Posted in The Universe and Stuff with tags , , on December 7, 2020 by telescoper

I’ve just started teaching about special relativity and for some reason I suddenly remembered this blast from the past (in 1979) which I saw when I was still at School. It is now available in fully remastered form on YouTube. It’s a feature-length film (2 hours long) but I think it’s worth sharing in its entirety. Here is the description from YouTube, with a few additions:

Based on Nigel Calder’s book Einstein’s Universe, this fascinating and rare film going by the same title has been re-mastered and digitally enhanced to bring Einstein fans a priceless experience. Narrated by the charismatic Peter Ustinov and hosted by Nigel Calder, the film was first broadcast on the centenary of Albert Einstein’s Birth; March 14th, 1979. Ustinov takes the viewer on a wonderful experience through the McDonald Observatory at the University of Texas-Austin where he is thoroughly enlightened on the great physicist’s theories, especially General Relativity, by a renowned team of scientists including Dennis Sciama, Roger Penrose, John Wheeler, Wallace Sergeant, Irwin Shapiro, Sidney Drell, and Ken Brecher.

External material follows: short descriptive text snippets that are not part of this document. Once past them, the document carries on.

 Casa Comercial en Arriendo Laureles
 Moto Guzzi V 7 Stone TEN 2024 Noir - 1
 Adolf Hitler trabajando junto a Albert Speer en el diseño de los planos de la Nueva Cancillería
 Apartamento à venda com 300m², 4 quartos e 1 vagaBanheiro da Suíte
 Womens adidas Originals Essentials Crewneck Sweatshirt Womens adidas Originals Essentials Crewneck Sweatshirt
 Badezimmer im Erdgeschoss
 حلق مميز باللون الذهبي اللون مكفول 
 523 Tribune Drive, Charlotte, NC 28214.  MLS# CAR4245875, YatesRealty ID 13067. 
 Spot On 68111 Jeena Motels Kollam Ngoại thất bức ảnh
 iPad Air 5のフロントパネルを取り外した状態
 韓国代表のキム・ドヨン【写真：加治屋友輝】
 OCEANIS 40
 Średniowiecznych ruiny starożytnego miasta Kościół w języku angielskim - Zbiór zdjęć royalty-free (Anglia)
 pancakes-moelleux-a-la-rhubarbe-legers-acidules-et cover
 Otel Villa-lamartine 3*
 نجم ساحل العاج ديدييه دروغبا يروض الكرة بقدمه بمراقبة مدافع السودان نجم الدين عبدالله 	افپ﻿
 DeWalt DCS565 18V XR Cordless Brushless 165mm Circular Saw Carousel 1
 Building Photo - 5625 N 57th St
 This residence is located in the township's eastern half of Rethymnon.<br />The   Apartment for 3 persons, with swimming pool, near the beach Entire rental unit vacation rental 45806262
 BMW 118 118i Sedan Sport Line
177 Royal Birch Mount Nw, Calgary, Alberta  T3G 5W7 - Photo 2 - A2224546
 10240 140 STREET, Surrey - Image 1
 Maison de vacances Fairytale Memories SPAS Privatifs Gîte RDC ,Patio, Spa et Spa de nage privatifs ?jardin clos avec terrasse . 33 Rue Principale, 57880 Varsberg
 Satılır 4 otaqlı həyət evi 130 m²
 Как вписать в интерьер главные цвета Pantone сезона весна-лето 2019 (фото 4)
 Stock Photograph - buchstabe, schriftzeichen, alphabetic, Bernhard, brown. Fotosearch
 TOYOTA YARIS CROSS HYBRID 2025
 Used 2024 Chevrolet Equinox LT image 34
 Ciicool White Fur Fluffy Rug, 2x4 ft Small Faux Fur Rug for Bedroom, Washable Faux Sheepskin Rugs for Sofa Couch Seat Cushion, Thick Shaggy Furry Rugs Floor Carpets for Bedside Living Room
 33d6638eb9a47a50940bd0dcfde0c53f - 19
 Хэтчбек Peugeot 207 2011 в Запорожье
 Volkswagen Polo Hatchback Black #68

Included in Ustinov’s experience at the McDonald Observatory are experiments to help understand gravity, warped space, how light responds to gravity, the “Doppler effect” and how radio waves, as used in police radar, are an unbeatable way of measuring speed. From these simpler experiments much larger concepts are drawn, such as the discovery of a Binary Pulsar, the nature of black holes and how they are created, and the ultimate theory of how the universe was formed. Other demonstrations measure the speed of light, how time passes more slowly for people traveling in an airplane, the incredible accuracy of the Atomic Clock in Washington, DC and how time itself would appear to stop at the surface of a black hole. The conclusion of the program portrays Einstein as a great humanitarian. Although known as the “father of the Atomic Bomb”, his greatest concern was for the potentially devastating effects splitting the atom could have on the future of mankind. His famous letter to President Franklin Roosevelt warned that although the splitting of the atom to detonate an atomic bomb could be used to end World War II, it could also potentially be used for far more deadly ends.

It’s a great chance to see and hear some of the greats of physics as they were over forty years ago, some of whom make remarkably prescient comments about the future (now our present) including about gravitational waves!